[Haskell-cafe] What *is* a DSL?

Creighton Hogg wchogg at gmail.com
Wed Oct 7 20:14:38 EDT 2009


2009/10/7 Robert Atkey <bob.atkey at ed.ac.uk>:
>
>> What is a DSL?
>
> How about this as a formal-ish definition, for at least a pretty big
> class of DSLs:
>
> A DSL is an algebraic theory in the sense of universal algebra. I.e. it
> is an API of a specific form, which consists of:
>  a) a collection of abstract types, the carriers. Need not all be of
>     kind *.
>  b) a collection of operations, of type
>         t1 -> t2 -> ... -> tn
>     where tn must be one of the carrier types from (a), but the others
>     can be any types you like.
>  c) (Optional) a collection of properties about the operations (e.g.
>     equations that must hold)
>
> Haskell has a nice way of specifying such things (except part (c)): type
> classes.
>
> Examples of type classes that fit this schema include Monad, Applicative
> and Alternative. Ones that don't include Eq, Ord and Show. The Num type
> class would be, if it didn't specify Eq and Show as superclasses.
>
> An implementation of a DSL is just an implementation of corresponding
> type class. Shallowly embedded DSLs dispense with the type class step
> and just give a single implementation. Deeply embedded implementations
> are *initial* implementations: there is a unique function from the deep
> embedding to any of the other implementations that preserves all the
> operations. The good thing about this definition is that anything we do
> to the deep embedding, we can do to any of the other implementations via
> the unique map.
>
> Thanks to Church and Reynolds, we can always get a deep embedding for
> free (free as in "Theorems for Free"). If our DSL is defined by some
> type class T, then the deep embedding is:
>   type DeepT = forall a.
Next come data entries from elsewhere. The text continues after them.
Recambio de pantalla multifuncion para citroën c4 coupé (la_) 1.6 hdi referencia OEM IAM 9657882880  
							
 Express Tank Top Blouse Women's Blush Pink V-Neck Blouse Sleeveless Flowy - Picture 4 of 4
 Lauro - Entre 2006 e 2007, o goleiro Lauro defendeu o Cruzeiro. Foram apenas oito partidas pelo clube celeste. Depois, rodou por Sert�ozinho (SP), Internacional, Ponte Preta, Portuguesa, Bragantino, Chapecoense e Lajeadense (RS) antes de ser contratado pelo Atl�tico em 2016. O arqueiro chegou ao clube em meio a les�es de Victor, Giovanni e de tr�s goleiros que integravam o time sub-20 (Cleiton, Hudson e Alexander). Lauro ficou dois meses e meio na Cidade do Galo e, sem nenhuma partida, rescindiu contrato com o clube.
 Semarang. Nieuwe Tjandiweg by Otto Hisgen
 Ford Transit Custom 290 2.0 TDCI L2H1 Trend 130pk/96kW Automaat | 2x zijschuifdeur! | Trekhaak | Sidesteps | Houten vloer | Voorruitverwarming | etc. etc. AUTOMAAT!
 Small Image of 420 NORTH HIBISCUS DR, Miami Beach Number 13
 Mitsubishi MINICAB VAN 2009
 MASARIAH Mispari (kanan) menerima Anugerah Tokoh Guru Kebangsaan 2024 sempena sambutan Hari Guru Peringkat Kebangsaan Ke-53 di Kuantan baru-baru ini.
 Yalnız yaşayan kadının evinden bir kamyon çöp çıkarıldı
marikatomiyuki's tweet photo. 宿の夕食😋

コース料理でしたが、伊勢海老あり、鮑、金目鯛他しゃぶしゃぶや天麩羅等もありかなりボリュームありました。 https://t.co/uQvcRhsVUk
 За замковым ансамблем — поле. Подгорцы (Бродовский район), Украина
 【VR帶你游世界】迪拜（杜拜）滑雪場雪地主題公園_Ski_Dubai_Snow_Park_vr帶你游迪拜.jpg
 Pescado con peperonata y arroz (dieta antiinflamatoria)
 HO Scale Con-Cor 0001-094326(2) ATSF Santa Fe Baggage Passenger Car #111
T a => a
> (and so on, for multiple carrier types, possibly with type
> parameterisation).
>
> Of course, there is often an easier and more efficient way of
> representing the initial algebra using algebraic data types.
>
> Conor McBride often goes on about how the initial algebra (i.e. the deep
> embedding) of a given specification is the one you should be worrying
> about, because it often has a nice concrete representation and gives you
> all you need to reason about any of the other implementations.

It's funny, because I wouldn't have thought about this in terms of
type classes from the top of my head.  What I've been thinking about a
lot lately (because I'm trying to prepare notes on it) is building
classifying categories from signatures, then considering the category
of all possible functorial "models" (read: "dsl embeddings") into the
target category.    I guess we're essentially talking about the same
thing.  The difference from looking at it as type classes is that you
really do get all your equations preserved with product preserving
functors from your classifying category; however, the topic came up
earlier today of what would a language look like if it had a built in
notion of functorial semantics - my guess is that it'd be like a
stronger version of ML functors, but I don't really know.